*** Available data ***
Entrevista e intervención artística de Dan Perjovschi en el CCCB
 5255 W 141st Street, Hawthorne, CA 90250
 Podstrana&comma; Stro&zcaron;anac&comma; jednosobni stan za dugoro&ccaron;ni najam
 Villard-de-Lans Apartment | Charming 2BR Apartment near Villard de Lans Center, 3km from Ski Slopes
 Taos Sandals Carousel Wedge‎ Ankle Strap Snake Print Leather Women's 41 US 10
*** End of Available data ***
# Work instruction:
Exactly as shown above, write out all the records.

# Completed exercise:
Entrevista e intervención artística de Dan Perjovschi en el CCCB
 5255 W 141st Street, Hawthorne, CA 90250
 Podstrana&comma; Stro&zcaron;anac&comma; jednosobni stan za dugoro&ccaron;ni najam
 Villard-de-Lans Apartment | Charming 2BR Apartment near Villard de Lans Center, 3km from Ski Slopes
 Taos Sandals Carousel Wedge‎ Ankle Strap Snake Print Leather Women's 41 US 10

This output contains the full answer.